Task description ▸ Leaving the pictures aside, write out the whole listing below exactly.
***** Recorded information
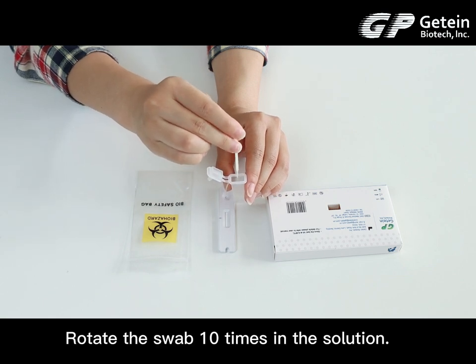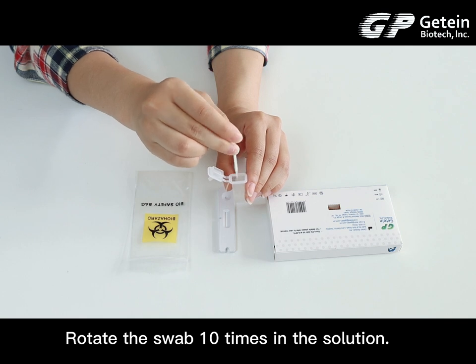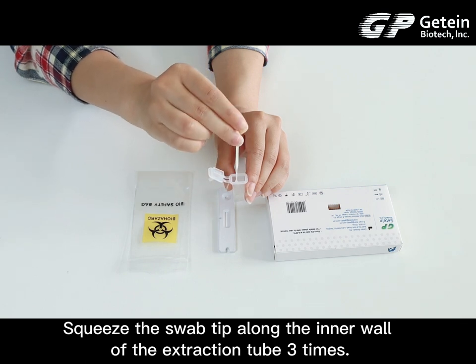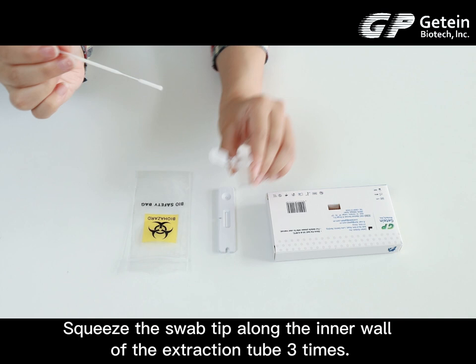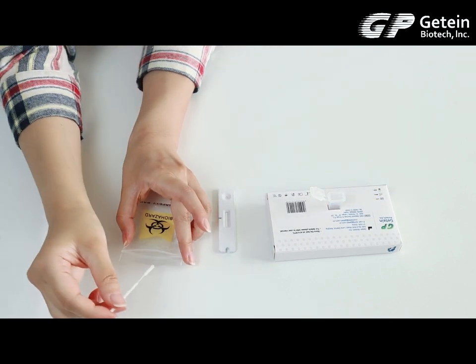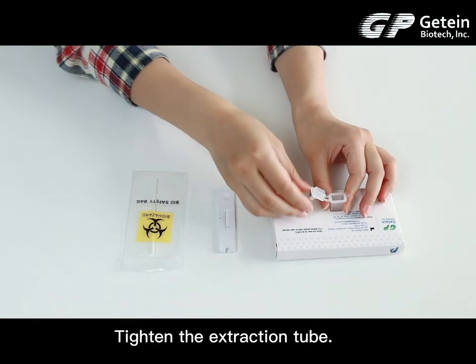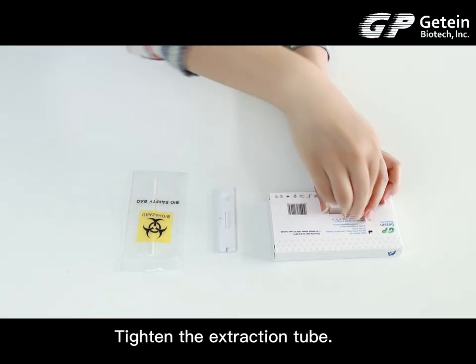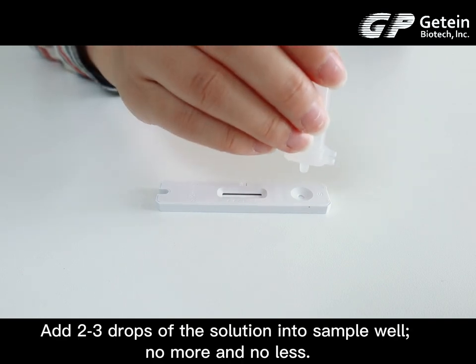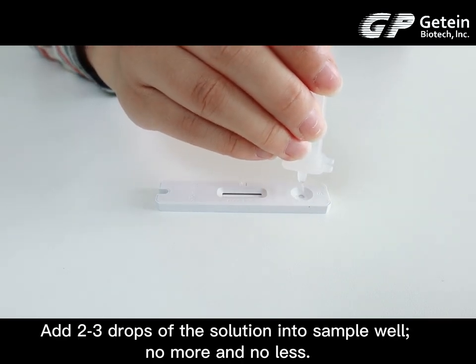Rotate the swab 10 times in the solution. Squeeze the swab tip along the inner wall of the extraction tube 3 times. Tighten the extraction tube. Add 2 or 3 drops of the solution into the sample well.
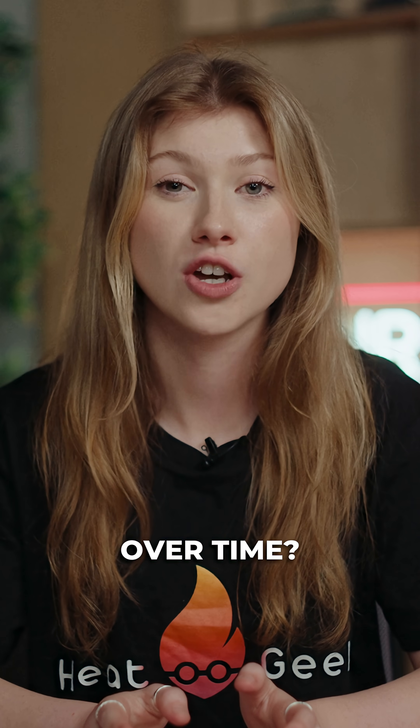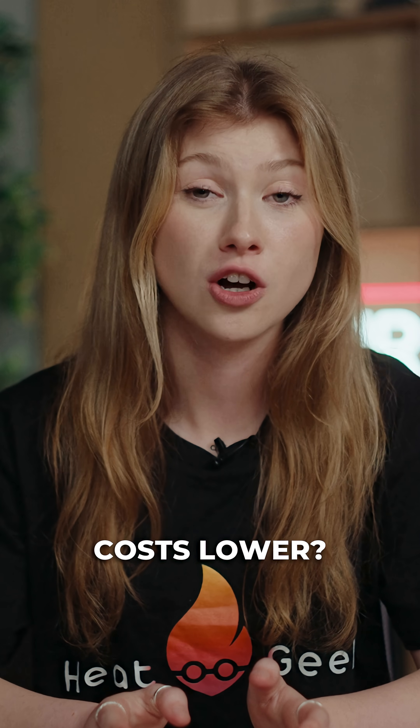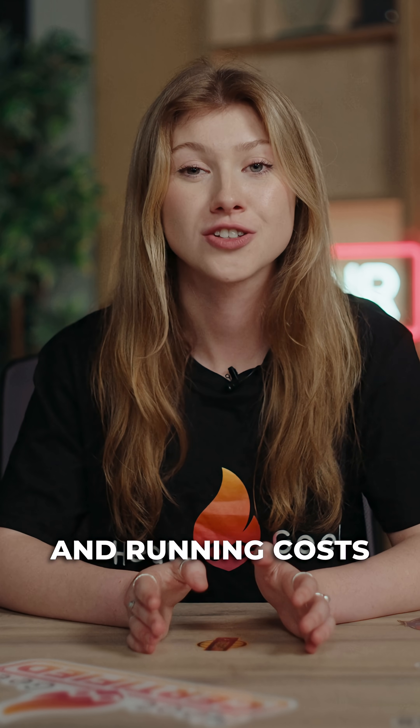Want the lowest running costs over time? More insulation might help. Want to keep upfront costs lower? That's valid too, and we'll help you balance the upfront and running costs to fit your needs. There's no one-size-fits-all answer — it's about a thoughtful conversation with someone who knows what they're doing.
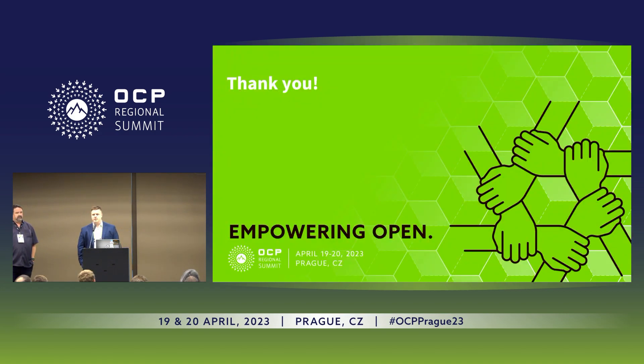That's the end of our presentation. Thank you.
**********
Solution for this problem ▸
Rotate the swab 10 times in the solution. Squeeze the swab tip along the inner wall of the extraction tube 3 times. Tighten the extraction tube. Add 2 or 3 drops of the solution into the sample well.
Want the lowest running costs over time? More insulation might help. Want to keep upfront costs lower? That's valid too, and we'll help you balance the upfront and running costs to fit your needs. There's no one-size-fits-all answer — it's about a thoughtful conversation with someone who knows what they're doing.
That's the end of our presentation. Thank you.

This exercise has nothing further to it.